Dynamic Mechanical Response of Full-Structure Reclaimed Pavement under Special Working Conditions

This study focuses on full-structure recycled pavement (B) supplemented by conventional cold recycled pavement (A). A three-dimensional finite element model of pavement structure was established using numerical simulation, and the mechanical responses of different pavement structural layers under moving loads were analyzed under three working conditions: normal condition, low-speed heavy load, and high-speed light load. Parametric sensitivity of B was evaluated via orthogonal design. Both structures exhibit a "compression-tension-compression" strain cycle with abrupt changes. B shows larger strain amplitudes, indicating greater transient loading sensitivity.
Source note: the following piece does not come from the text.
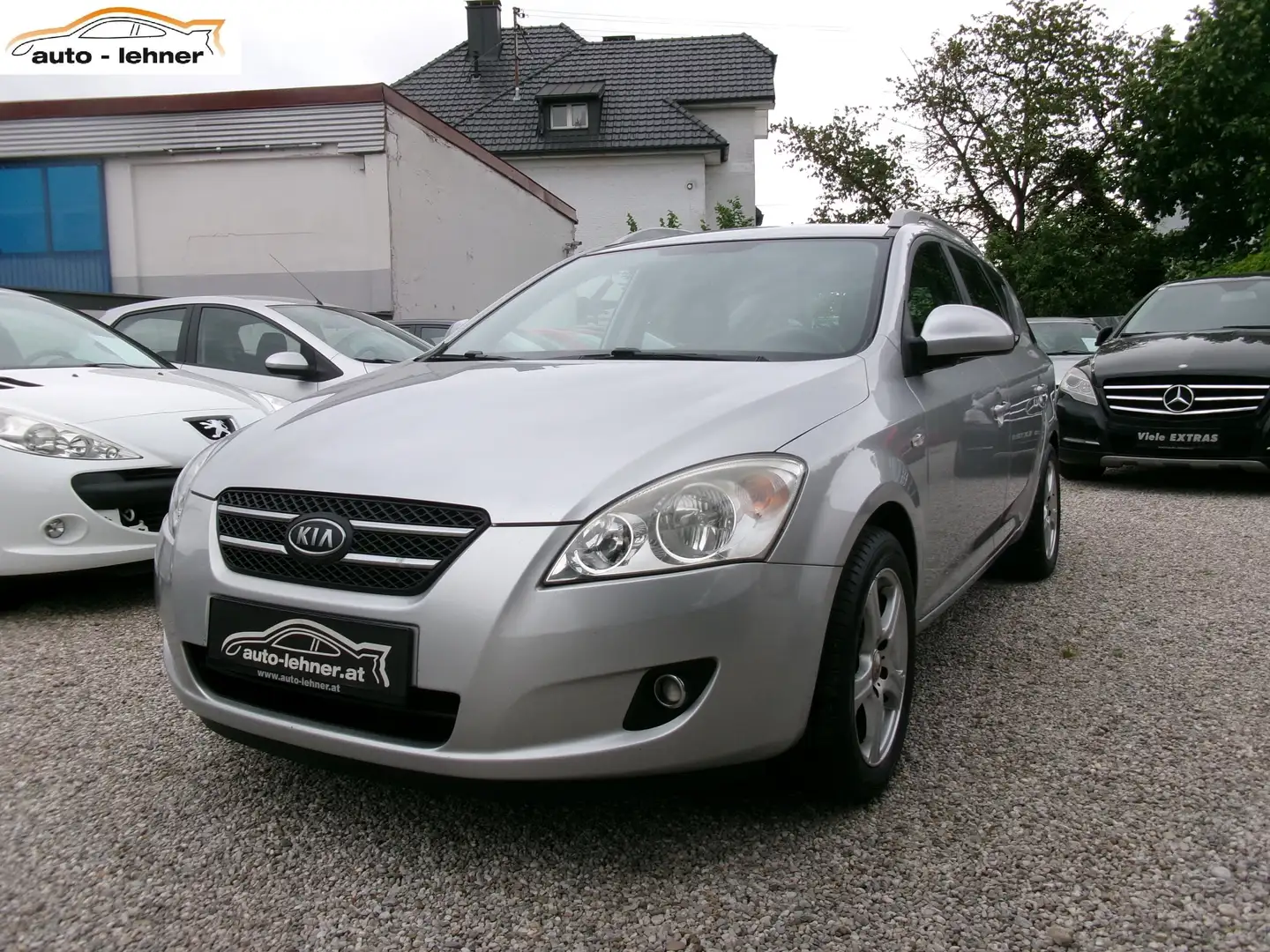 Kia Ceed SW / cee'd SW 1,6 CVVT Motion ISG Gris - 1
Semi-rigid layer stress curves show a "single-peak pulse", but B displays high-frequency fluctuations, reflecting uneven stress transfer. Compared to A, B shows 5.76-fold and 5.22-fold increases in transverse and longitudinal stress peaks, with 7% and 12% increases in shear stress and deflection, suggesting greater susceptibility to cracking and rutting. Under low-speed heavy-load versus high-speed light-load, B exhibits exponential increases in peak strain, shear stress, and deflection. Semi-rigid layer stress peaks increase by approximately 51.5%, demonstrating that load governs tensile stress while loading rate induces fluctuations. ANOVA reveals that B's shear stress is sensitive to upper base layer modulus and thickness (p < 0.05), while deflection is sensitive to both base layer thicknesses (p < 0.01).